United
States President Barack Obama has made it no secret that he considers
Nelson Mandela one of the greatest influences — if not the greatest — in
his life and in the lives of countless others. According to the Cable News Network, throughout
his first five years in office, he has repeatedly referenced Mandela,
either invoking quotes from the anti-apartheid icon or spreading his
messages of freedom and equality.
In 1980, Nelson Mandela was sitting in a
South African prison cell, serving a life sentence. On the other side
of the world, a young college student named Barack Obama was riveted by
the anti-apartheid movement in South Africa and the brewing crusade to
free the renowned activist.
Little did they know that nearly three
decades later, the two would have something in common: They would be the
first elected black presidents in their respective countries.
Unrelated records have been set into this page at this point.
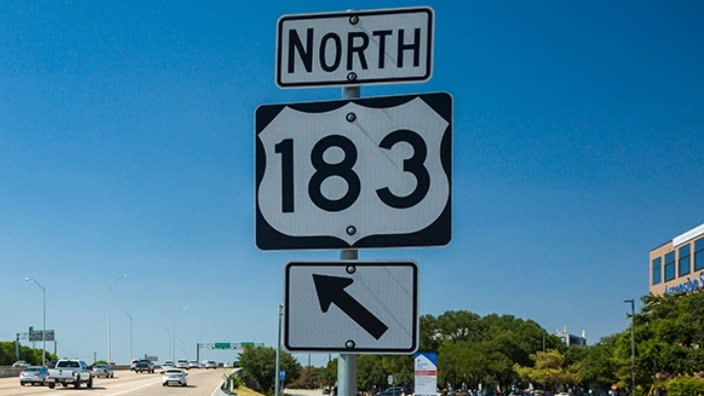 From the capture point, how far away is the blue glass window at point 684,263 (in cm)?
8906

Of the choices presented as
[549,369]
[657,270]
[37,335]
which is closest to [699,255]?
[657,270]

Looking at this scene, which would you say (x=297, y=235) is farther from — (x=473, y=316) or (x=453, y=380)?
(x=473, y=316)

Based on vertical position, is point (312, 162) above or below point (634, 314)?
above

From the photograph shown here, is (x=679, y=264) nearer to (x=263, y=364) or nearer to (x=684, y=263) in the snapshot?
(x=684, y=263)

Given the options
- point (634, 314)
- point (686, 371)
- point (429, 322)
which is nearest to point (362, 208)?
point (686, 371)

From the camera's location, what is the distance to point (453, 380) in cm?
10444

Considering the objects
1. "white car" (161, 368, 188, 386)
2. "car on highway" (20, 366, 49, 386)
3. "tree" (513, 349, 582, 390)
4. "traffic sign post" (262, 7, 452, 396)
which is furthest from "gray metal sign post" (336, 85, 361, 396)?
"tree" (513, 349, 582, 390)

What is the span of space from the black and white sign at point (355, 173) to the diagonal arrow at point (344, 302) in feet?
0.52

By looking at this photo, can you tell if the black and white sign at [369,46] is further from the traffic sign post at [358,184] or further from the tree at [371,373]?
the tree at [371,373]

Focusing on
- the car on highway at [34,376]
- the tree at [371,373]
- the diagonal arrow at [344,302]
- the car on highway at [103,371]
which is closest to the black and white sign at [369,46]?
the diagonal arrow at [344,302]

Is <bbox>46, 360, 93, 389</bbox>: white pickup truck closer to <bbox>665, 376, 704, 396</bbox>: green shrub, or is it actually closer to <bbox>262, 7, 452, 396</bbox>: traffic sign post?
<bbox>665, 376, 704, 396</bbox>: green shrub

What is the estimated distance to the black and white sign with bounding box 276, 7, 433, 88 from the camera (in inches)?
173

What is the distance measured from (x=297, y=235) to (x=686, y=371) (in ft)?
211

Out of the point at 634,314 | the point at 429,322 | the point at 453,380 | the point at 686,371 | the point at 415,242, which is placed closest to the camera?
the point at 415,242
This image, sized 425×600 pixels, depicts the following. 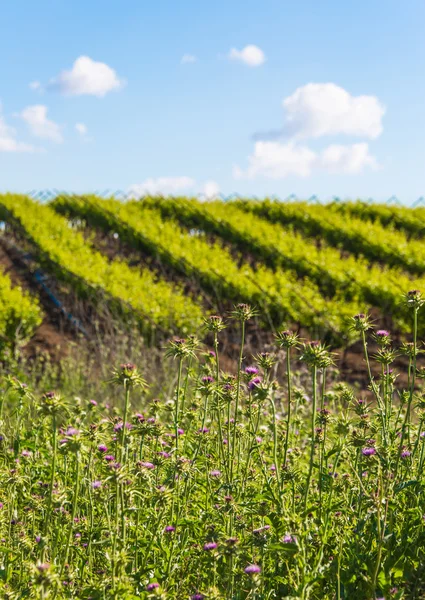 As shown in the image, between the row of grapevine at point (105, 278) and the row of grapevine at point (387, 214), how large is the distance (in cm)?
708

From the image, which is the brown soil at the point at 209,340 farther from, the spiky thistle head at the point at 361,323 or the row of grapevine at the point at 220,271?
the spiky thistle head at the point at 361,323

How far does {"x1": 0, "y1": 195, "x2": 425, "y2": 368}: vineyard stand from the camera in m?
10.9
Obama said On Thursday ‘’We have lost
one of the most influential, courageous, and profoundly good human
beings that any of us will share time with on this earth. He no longer
belongs to us-he belongs to the ages.”
At Occidental College in Los Angeles
around 1980, Obama first forayed into political activism – a protest
against apartheid. It was the beginning of what would become years of
studying Mandela’s speeches and writings.
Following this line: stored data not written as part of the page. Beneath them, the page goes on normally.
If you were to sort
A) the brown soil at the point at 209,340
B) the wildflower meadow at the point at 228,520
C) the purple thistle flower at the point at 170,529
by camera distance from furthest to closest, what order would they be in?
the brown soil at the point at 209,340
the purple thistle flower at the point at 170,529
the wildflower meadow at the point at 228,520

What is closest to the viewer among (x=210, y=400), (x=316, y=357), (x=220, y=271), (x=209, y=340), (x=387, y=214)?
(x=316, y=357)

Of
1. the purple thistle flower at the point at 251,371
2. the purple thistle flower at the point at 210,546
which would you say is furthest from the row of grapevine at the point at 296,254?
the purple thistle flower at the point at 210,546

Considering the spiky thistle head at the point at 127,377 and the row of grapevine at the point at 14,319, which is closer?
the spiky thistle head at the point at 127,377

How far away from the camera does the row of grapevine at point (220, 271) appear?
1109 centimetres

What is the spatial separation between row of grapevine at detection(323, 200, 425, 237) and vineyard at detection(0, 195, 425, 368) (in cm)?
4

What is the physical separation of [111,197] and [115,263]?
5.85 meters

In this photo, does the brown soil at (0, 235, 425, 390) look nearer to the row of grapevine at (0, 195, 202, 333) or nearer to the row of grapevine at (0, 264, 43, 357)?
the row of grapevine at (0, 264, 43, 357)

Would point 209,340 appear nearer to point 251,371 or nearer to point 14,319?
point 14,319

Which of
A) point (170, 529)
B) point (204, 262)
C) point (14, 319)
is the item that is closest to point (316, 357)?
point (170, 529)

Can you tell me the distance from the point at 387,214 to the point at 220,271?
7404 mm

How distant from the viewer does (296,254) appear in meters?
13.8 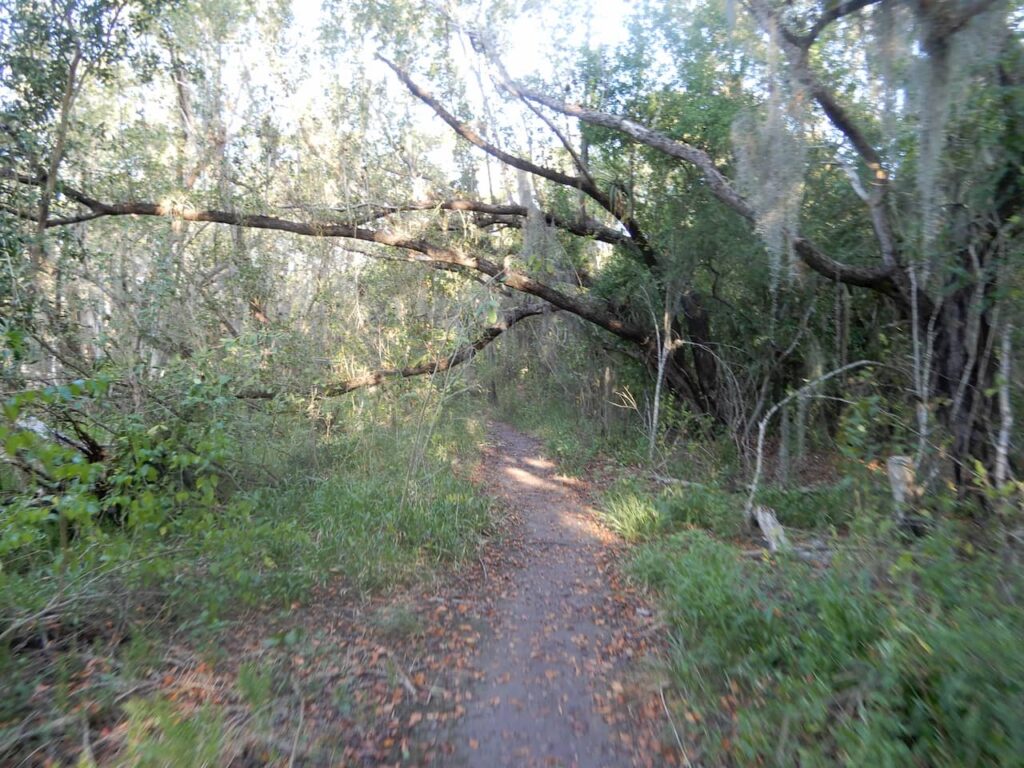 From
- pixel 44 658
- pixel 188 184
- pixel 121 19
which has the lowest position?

“In the most modest of ways, I was one
of those people who tried to answer his call,” he wrote in the forward
to Mandela’s 2010 memoir “Conversations with Myself.”
Obama has acknowledged that none of the
obstacles he faced growing up compared to those of the victims in South
Africa, but Mandela’s “example helped awaken him to the wider world,” he
wrote in the forward.
“Through his choices, Mandela made it
clear that we did not have to accept the world as it is- that we could
do our part to seek the world as it should be,” he added.